Rutgers Center for Ocean Observing Leadership High Frequency Radar (CODAR) Processing toolbox

Install Miniconda

Download and follow installation instructions for the appropriate Miniconda installer from http://conda.pydata.org/miniconda.html.

Make sure to add the channel, conda-forge, to your .condarc. You can find out more about conda-forge from their website: https://conda-forge.org/

You can do this with the following command:

conda config --add channels conda-forge

Clone codar_processing repository

Either use git to clone:

git clone https://github.com/rucool/codar_processing.git

or download the zip from file from, https://github.com/rucool/codar_processing/archive/master.zip and extract to the directory of your choice

Create environment

Change your current working directory to the location that you downloaded codar_processing to.

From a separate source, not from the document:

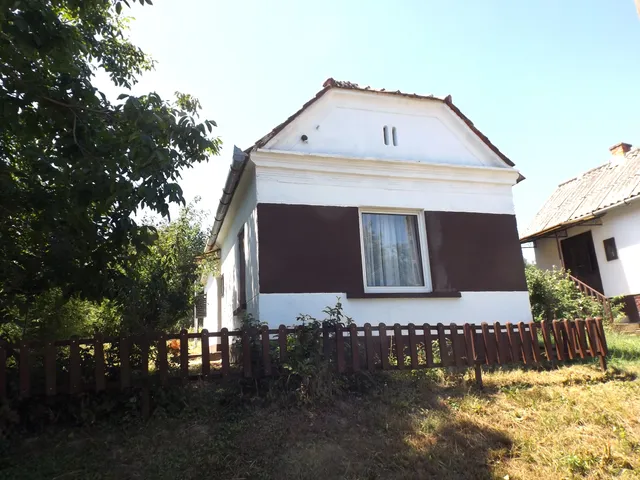 Eladó nyaraló Rigyác, Imre hegy, Közép út 48 nm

cd /Users/mikesmith/Documents/git/codar_processing/

Create conda environment from the included environment.yml file:

conda create env -f environment.yml

Once the environment is done building, you can activate the environment by typing:

source activate codar_processing # OSX/Unix

Install toolbox to environment

Now we need to install the toolbox to the conda environment. We can do this as follows from the root directory of the codar_processing toolbox:

pip install .

The toolbox should now be installed to your conda environment.

Using the toolbox

Open your python interpreter

(codar_processing)
mikesmith@nbp-56-180: ~
$ python
Python 3.6.5 | packaged by conda-forge | (default, Apr  6 2018, 13:44:09)
[GCC 4.2.1 Compatible Apple LLVM 6.1.0 (clang-602.0.53)] on darwin
Type "help", "copyright", "credits" or "license" for more information.
>>>

Import CODAR file classes

The toolbox is based on the LLUV file format developed by CODAR Ocean Sensors. There is a generic, inheritable class called 'LLUV' that is written to dynamically read in all CODAR LLUV format files. There are currently two subclasses, Radial and Waves, that inherit from this LLUV class. Other LLUV files are currently being implemented. In order to load one of these files, you will need to import one (or all) of the the classes into your python environment before you can utilize the toolbox.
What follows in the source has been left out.